Ciò che mi dà forza, speranza e fede è il vedere che la Divina Provvidenza non ci abbandona e che c’è tanta fede nelle persone. Un soldato ha raccontato quello che gli è successo al fronte. Ha detto che durante il combattimento hanno finito le munizioni e sapevano che era finita. Non potevano uscire dalle trincee perché sarebbe stata una morte istantanea. Così, dopo un po’, hanno iniziato a salutarsi e hanno visto i soldati russi avvicinarsi a loro. Uno dei soldati ucraini, che sapeva che in quei giorni ci sarebbe stato un funerale per suo zio, morto anche lui in guerra, ha pregato: “Signore Dio, fai qualcosa, perché la mia famiglia non sopravviverà a due funerali”. Il soldato ha raccontato che dopo un po’ i russi si sono fermati, si sono girati e sono tornati indietro. Per lui e per noi è un miracolo tangibile, un segno dell’intervento di Dio. Un altro esempio: il fratello di uno dei miei sacerdoti lavora come medico al fronte e una volta ha confidato a suo fratello: “Tu sai che non sono credente, ma io so che sono ancora vivo solo grazie alle tue preghiere e a quelle dei tuoi colleghi”.

La preghiera diventa una forza?

Nel momento particolarmente difficile in cui si trova l’Ucraina, ci viene di vegliare davanti alla croce di nostro Signore Gesù Cristo. Oggi, quando la guerra è diventata realtà, abbiamo ancora più bisogno di abbracciare la Croce e di rimanere legati a questo segno di amore e di salvezza, segno della vittoria della vita sulla morte, dell’amore sull’odio, della verità sulla menzogna, dell’umiltà sull’egoismo.
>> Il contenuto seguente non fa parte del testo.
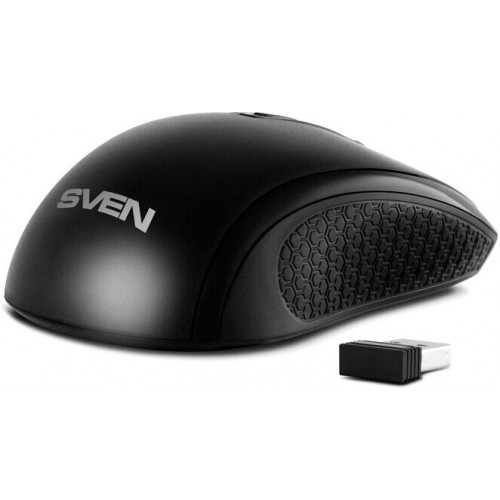 Беспроводная мышь SVEN RX-220W (черный) 2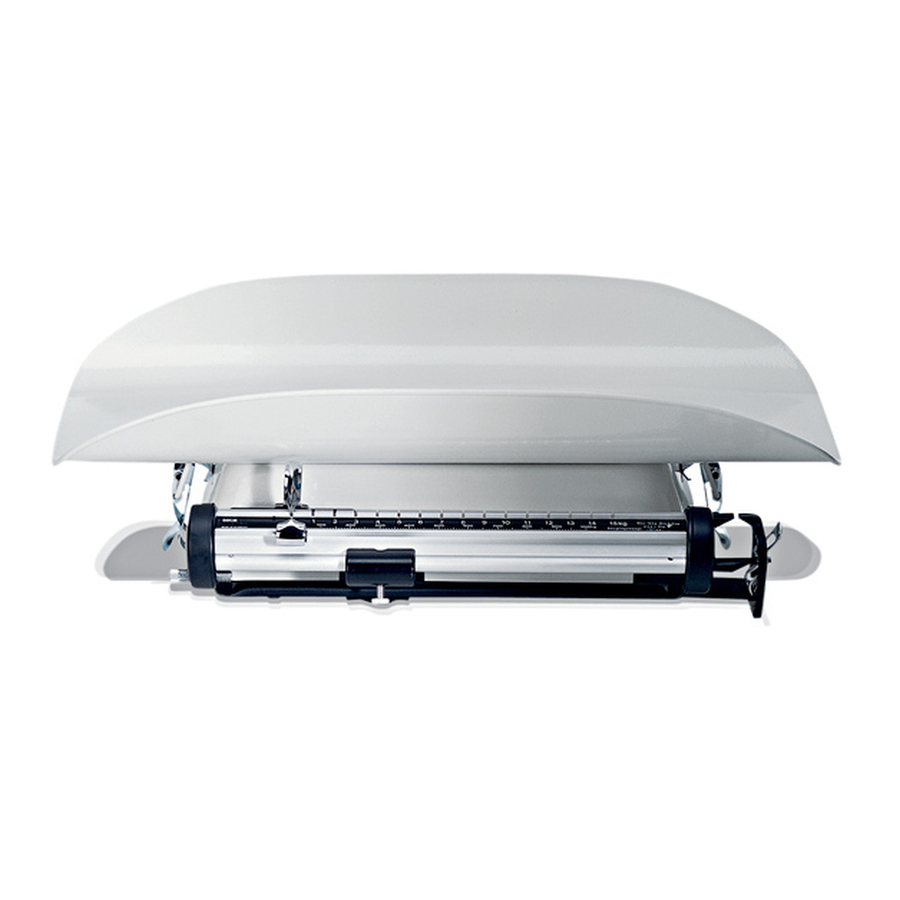 Seca 745 Manual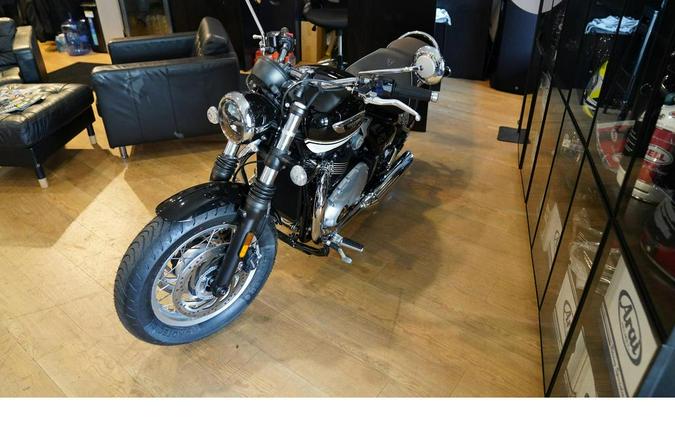 2026 Triumph Bonneville Speedmaster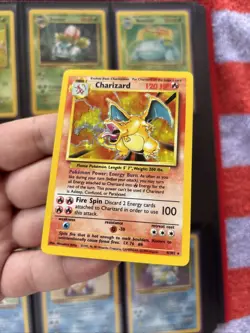 Original 151 Pokemon Cards Complete Set 1999 25 Holos 11 1st Edition [NM-MP] - Image 4
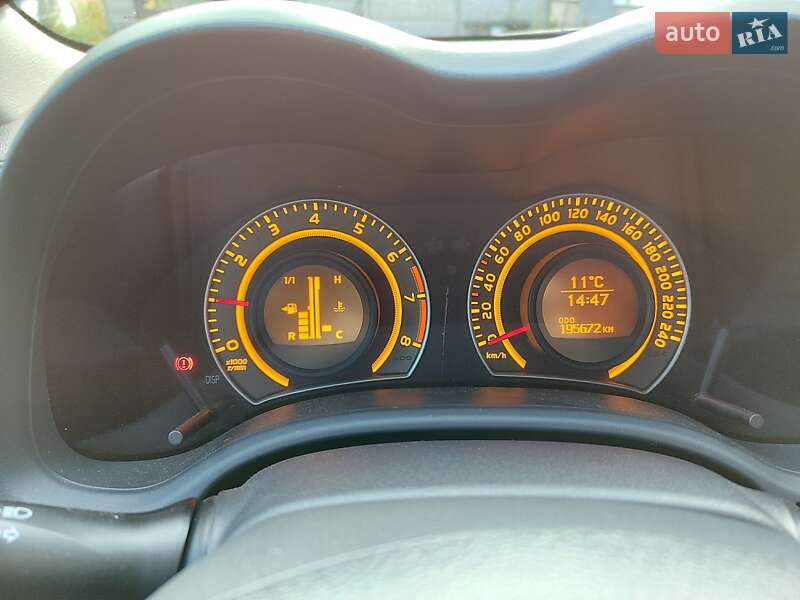 Седан Toyota Corolla 2008 в Днепре фото 18 Седан Toyota Corolla 2008 в Днепре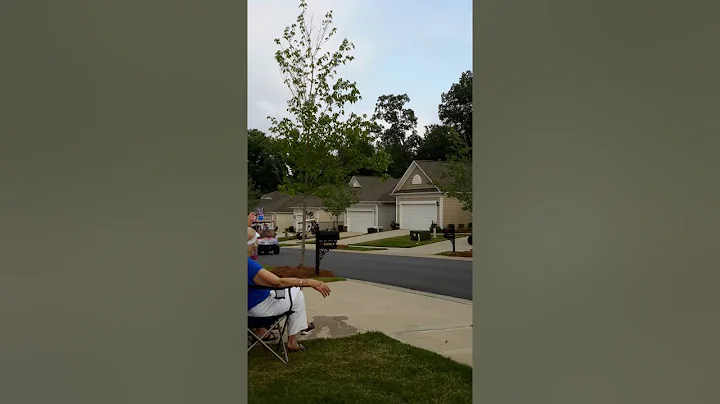 Sun City Carolina Lakes 4th of July Parade 2016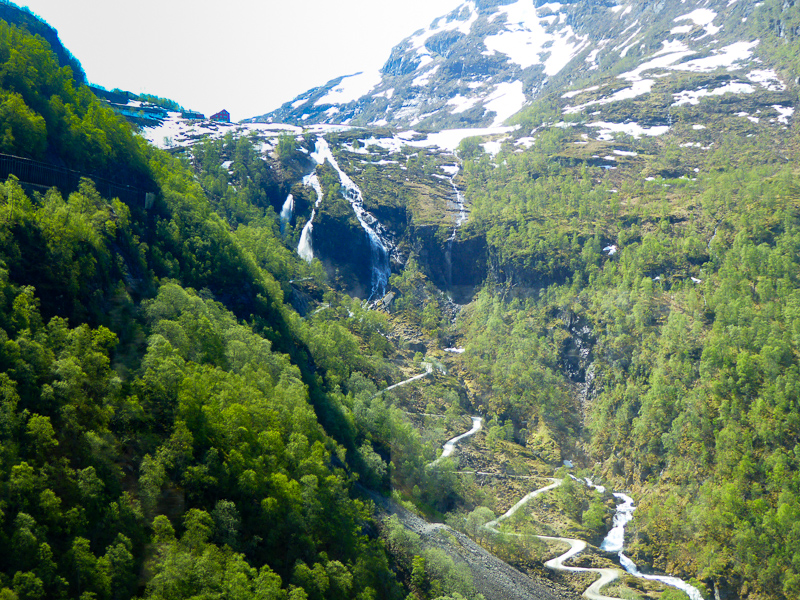 Rallarvegen Norway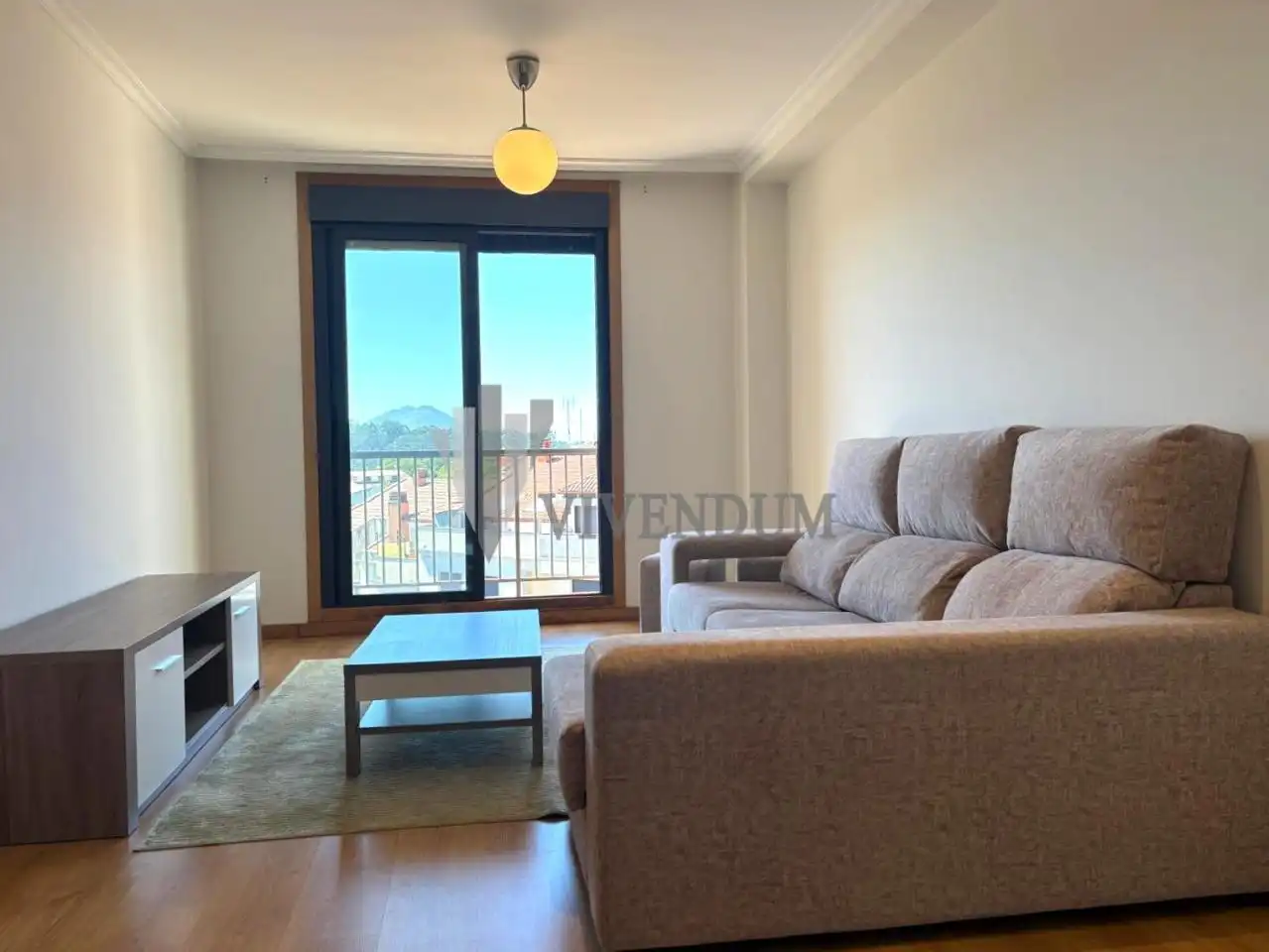 Appartamento con ascensore in affitto a O Rosal
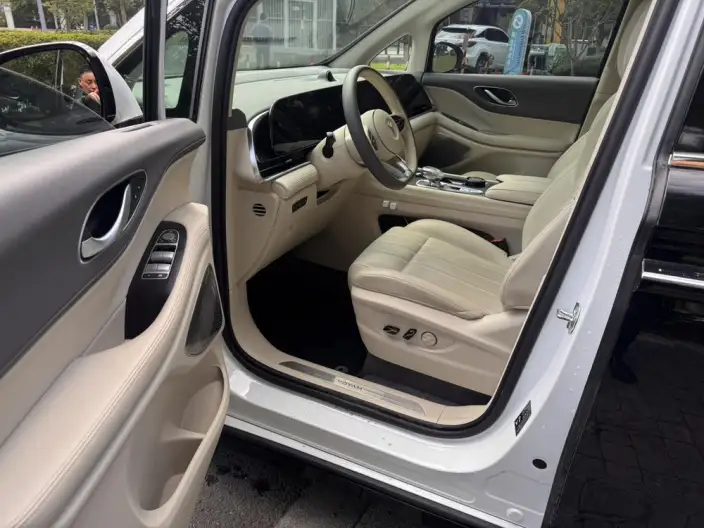 VOYAH Dreamer PHEV 2024 Model Ultra-long Endurance Ultimate Edition – фото 10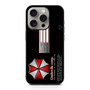 Resident Evil Umbrella Corp iPhone 15 Pro Case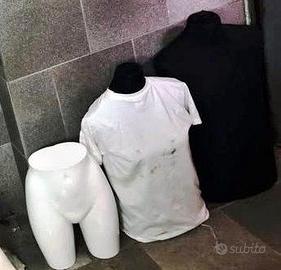 Busti  Manichini  . Buone Condizioni nuovissimi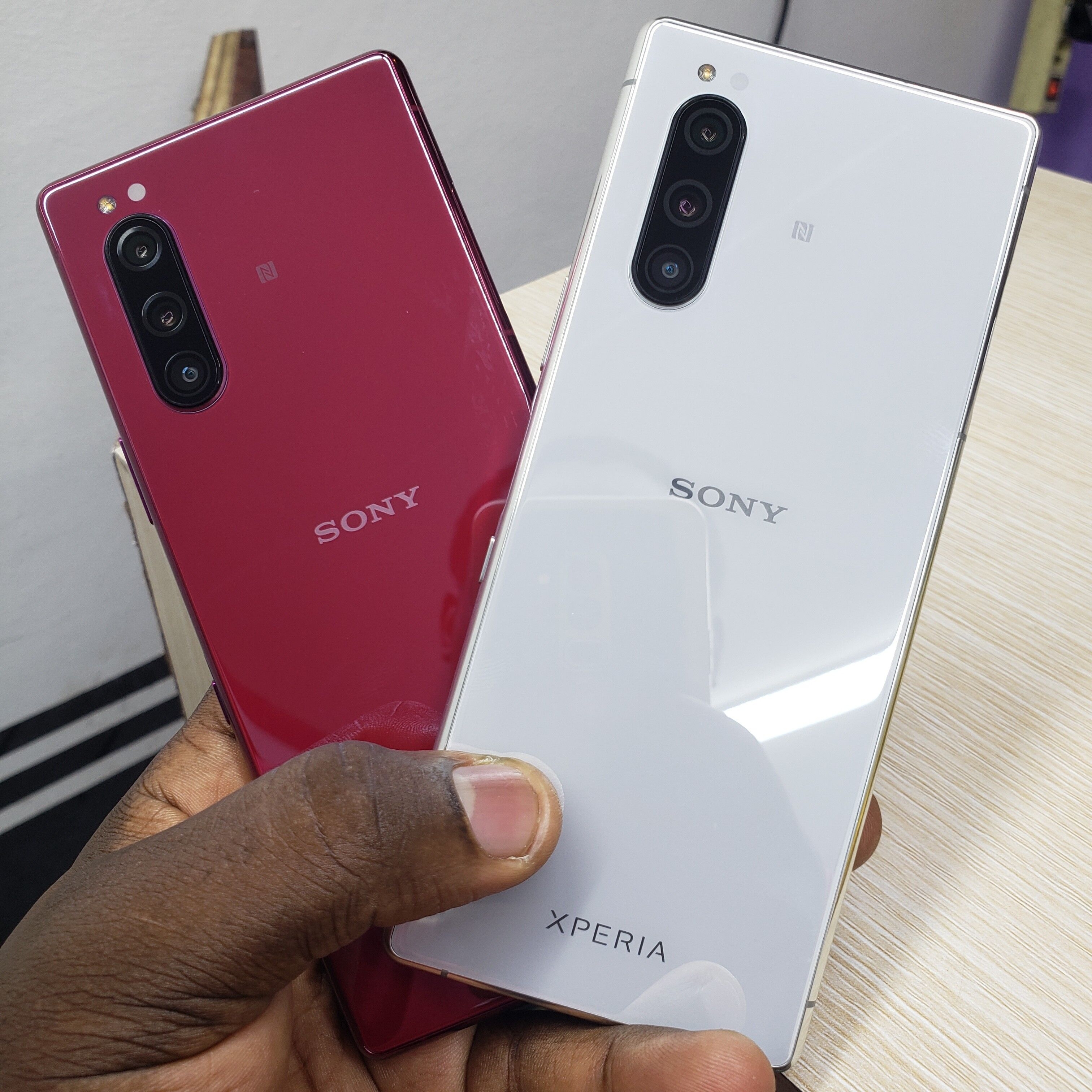 Image du produit : SONY XPERIA 5 128G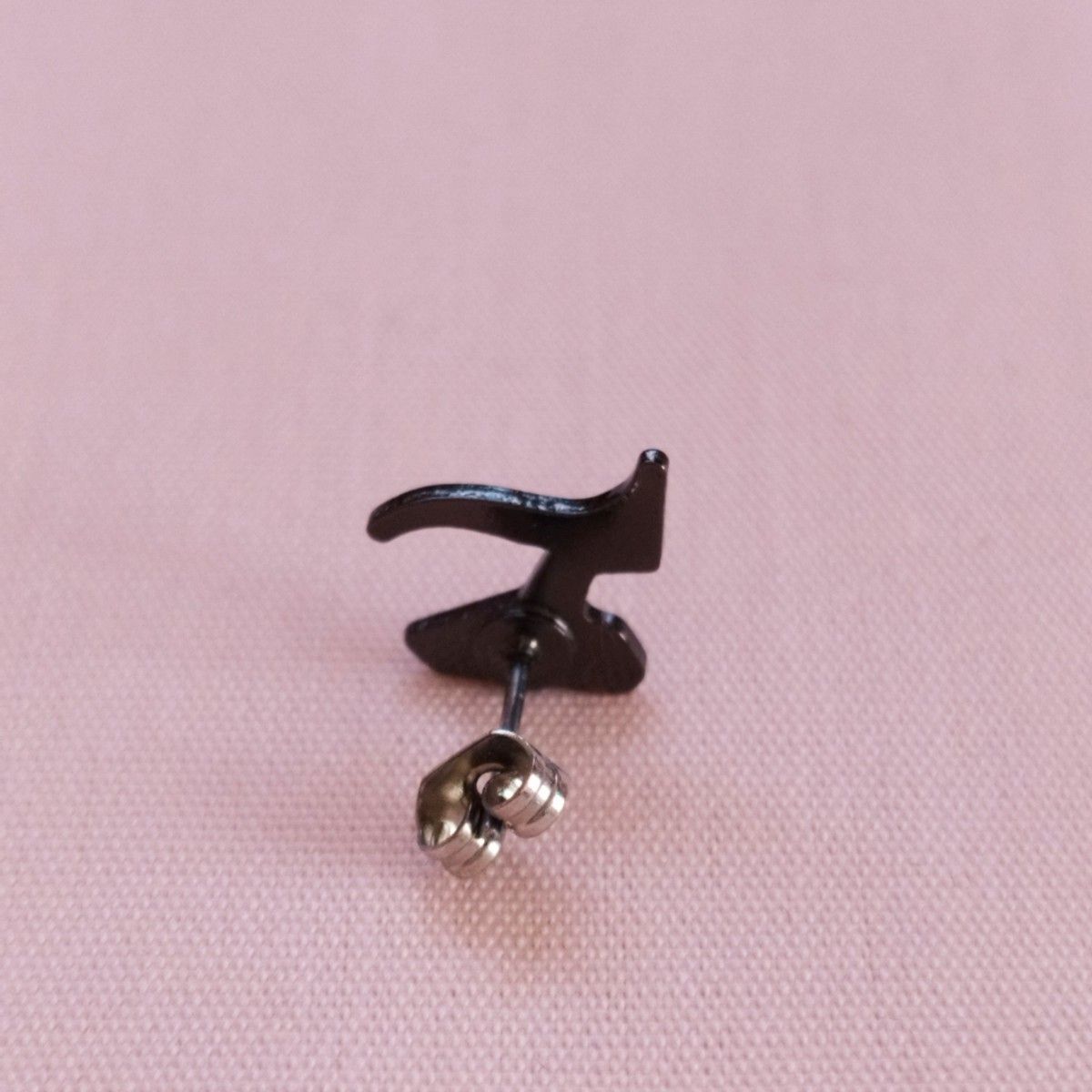 BUCK-TICK バクチク 今井寿 プロデュース ピアス BLACK ブラック 黒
In questo momento difficile, l’Ucraina ha anche bisogno che la solidarietà e il buon cuore continuino.

Quanto è importante continuare ad essere solidali con la sofferente Ucraina?

Mi sia permesso a questo punto di esprimere la mia gratitudine a tutti i sacerdoti, alle persone consacrate e ai fedeli della Chiesa in Ucraina e all’estero, specialmente in Polonia, per il loro bell’atteggiamento di amore. Questo atteggiamento è il Vangelo vivente della buona azione. È stata la Polonia a mostrare al mondo il volto divino dell’amore. L’atteggiamento dei polacchi ha sorpreso gli ucraini e sono consapevoli di quale grande cuore abbiano mostrato loro, mostrando la loro vera umanità e cristianità. Infine, vorrei anche chiedere di non perdere questo volto divino dell’amore. Ne avremo bisogno ancora a lungo, anche quando arriverà la tanto agognata pace.